Data excerpts
□ □ □ □

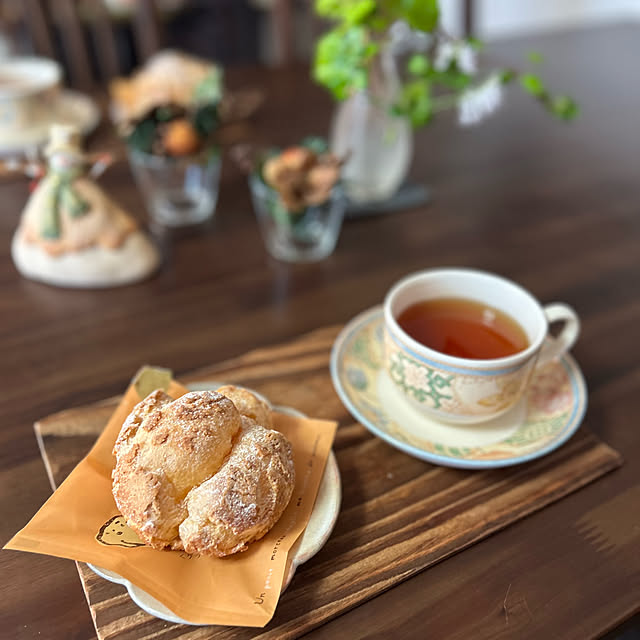 ritsukoさんの実例写真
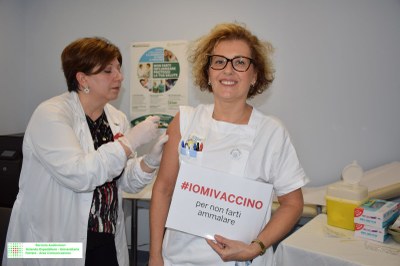 5 novembre 2018 vaccinazioni antinfluenzale (49).JPG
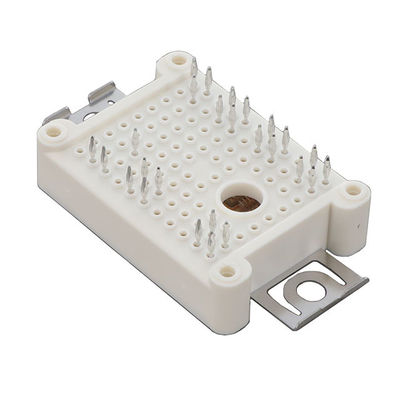 자동차 IGBT 모듈 DD170N36KHPSA1 3.6kV 디스크리트 반도체 모듈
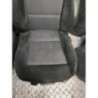 Interieur complet BMW SERIE 3 E91 TOURING PHASE 1 BREAK d’occasion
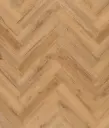 Portomare Dryback Herringbone   – Hera 02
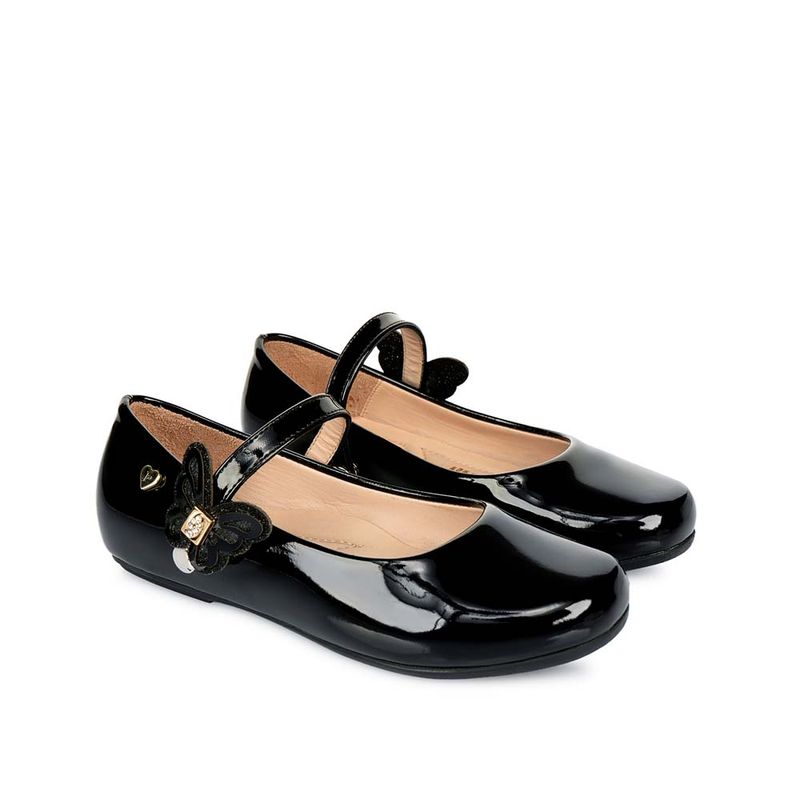 ZAPATO-BALLERINA-CASUAL-INFORMAL-NIÑA-SINTETICO-PIAZZA-KIDS-FLAT-1-MADIS-2518-NEGRO.jpg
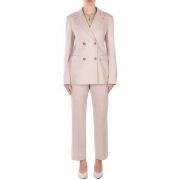 Bleiseri Max Mara  2616911097600  EU S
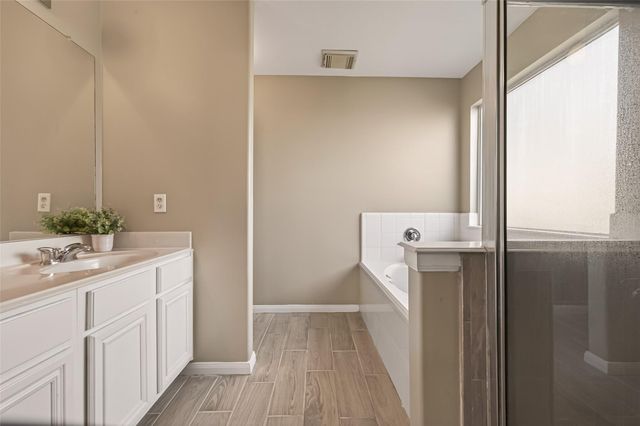 17250 Cricketbriar Court, Houston, TX 77084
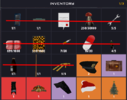 1756776589295.png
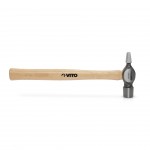 Martelo Pena 340 G VITO
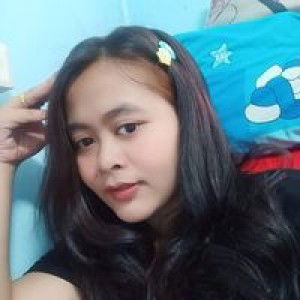 May Kie profile icon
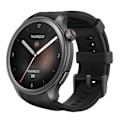 Miniatyrbillede 1 af 2: Amazfit Balance Smartur Sort
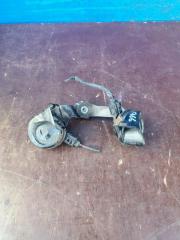 Сигнал звуковой volkswagen Jetta 2005-2011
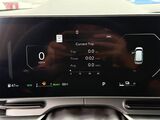 2026 Kia Carnival Hybrid SX Prestige Oshkosh WI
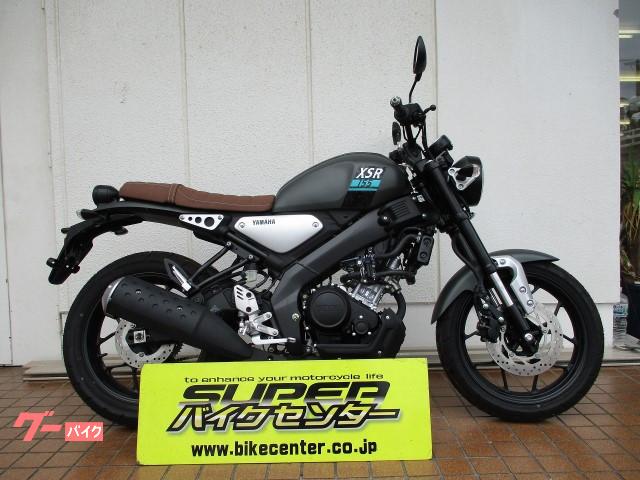 捧呈 在庫有 YAMAHA XSR155用 MT-15 用センタースタンド メイン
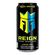 Suplemento Alimentar Líquido Reign Lemon HDZ 473ml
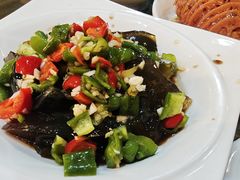 -广迎居老正兴菜馆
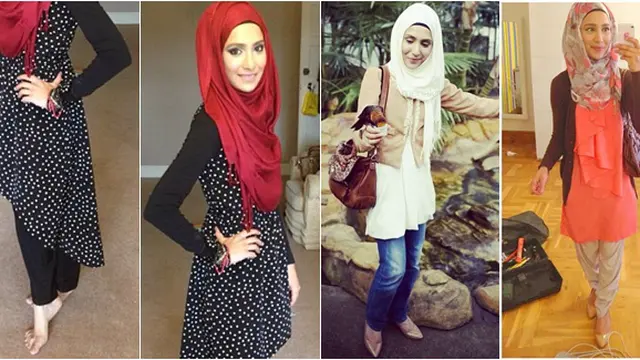 (c) instagram/pearldaisyltd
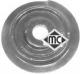 04446 Metalcaucho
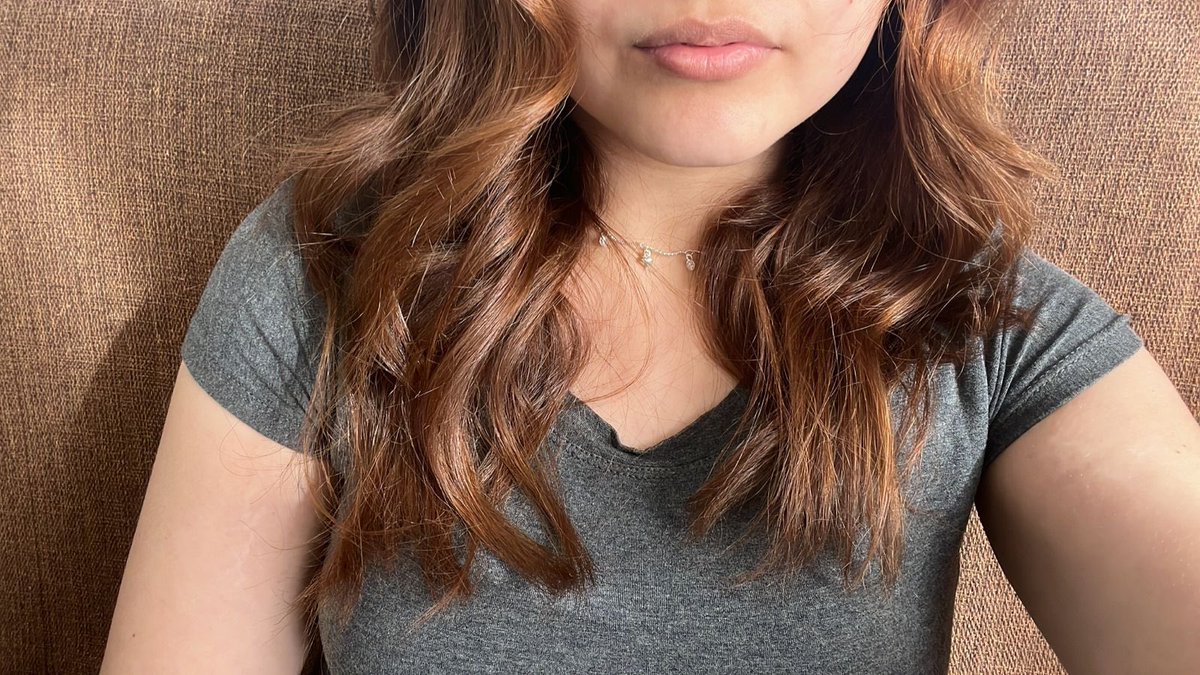 Dust ᶻ 𝗓 𐰁 .ᐟ tweet media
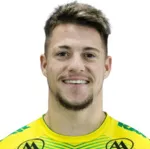 Guilherme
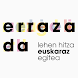 Erraza Da - Androidアプリ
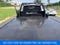 2024 RAM 3500 Chassis Cab SLT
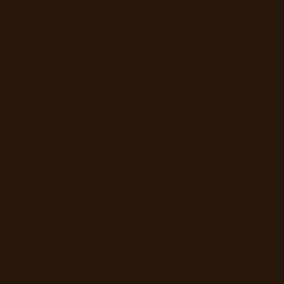 solid colour chocolate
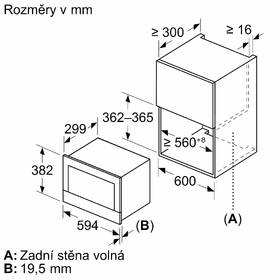 SIEBE732R1B1_Schéma.jpg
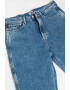 Tommy Jeans Дънки Skater Carpenter - Pepit.bg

□ □ □ □

## TASK TO CARRY OUT
Retype exactly the lines from the one containing "Suplemento Alimentar Líquido" through the last line of the records above, both included, and leave out any pictures.

## ANSWER BOX
 Suplemento Alimentar Líquido Reign Lemon HDZ 473ml
 -广迎居老正兴菜馆
 (c) instagram/pearldaisyltd
 04446 Metalcaucho
 Dust ᶻ 𝗓 𐰁 .ᐟ tweet media
 Guilherme
 Erraza Da - Androidアプリ
 2024 RAM 3500 Chassis Cab SLT
 solid colour chocolate
 SIEBE732R1B1_Schéma.jpg
 Tommy Jeans Дънки Skater Carpenter - Pepit.bg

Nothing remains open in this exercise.